Based on a quick investigation on the subject, I believe that this is because while most popular JS chart libraries are easy to use on client side, they are unfortunately just a bit too difficult to justify using on the server side when there are so many Python tools for the same purpose with wide user base.
In this story, we’ll see what kind of applications server side data visualization is suitable for and I’ll share my experience from creating a server side data visualization proof of concept with LightningChart JS.
By default web data visualization tools operate on the client side, spending processing resources in order to generate a visual on the web page that the user can see and possibly interact with.
“Server side data visualization” is a technique where the chart rendering is moved to a server and the result is downloaded and displayed on the web page as an image. Here are some general benefits:
+No heavy chart drawing algorithms with the users expense. Drawing charts can be heavy, which might destroy user experience especially with low end devices like laptops and phones.
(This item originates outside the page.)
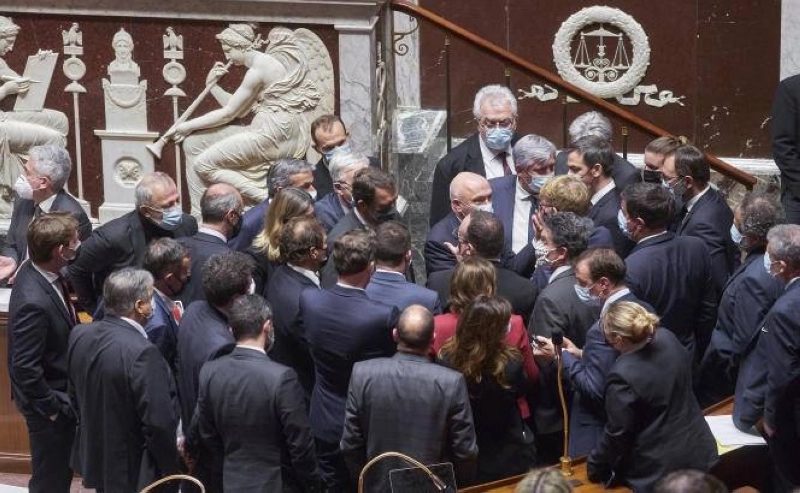 Assemblée nationale française. L'opposition, choquée par les déclarations du Président, riposte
+Less bandwidth usage. Very often visualization is done from data downloaded from a server (database) — if the data set in question is big, then downloading a single high resolution image of the rendered chart can be much more efficient.
Naturally, server side data visualization comes with its demerits, too:
- Otherwise natively available user interactions of the chart library are not usable since the client only has a picture of a chart. If the application requires detailed chart interactions its best to stick to client side data visualization.
- Chart refresh rate is limited by upload speed; high resolution chart pictures are surprisingly large files, so constantly downloading an updated image is not very realistic. If the application requires a refresh rate of over 1 FPS (frames per second) then its best to draw the charts on the client side.
Previously I mentioned that most JS chart libraries don’t make it all too easy to use server side rendering. Usually it’s up to the user to setup a headless browser environment and somehow get it working with the chart library.
I had been wanting to test how difficult this process was for our very own LightningChart JS, and thankfully I can say that it was a very pleasant experience;
We manage our own official support package for running LightningChart JS in a headless environment (lcjs-headless), and the usage is exactly same as in a browser application — just without the browser :)
I wrote a test Node.js application which generates data, puts it into a LCJS heatmap grid series and renders the chart into a PNG file.
This is perfect for rendering really detailed heat maps with large data sets — for example in the picture above, the heat map contains over 6 million data points. Rendering that on an older mobile phone might require calling the fire department.
The LCJS headless package makes it easy to export the rendered chart into various formats like PNG or binary blobs to send over the internet. Additionally, the chart size can be set arbitrarily which lets you render really high resolution images, which can be great if you need zooming on the client side, or smaller images if size is an issue.
For those interested, you can find the code here.
Server side rendering is a really interesting concept and opens up another window of possibilities for data visualization especially when combined with hardware accelerated rendering.
I’ll probably be expanding on this topic in the future with more dynamic applications, like semi-real-time applications (1 refresh per second) or extremely heavy data visualizations (billions of data points).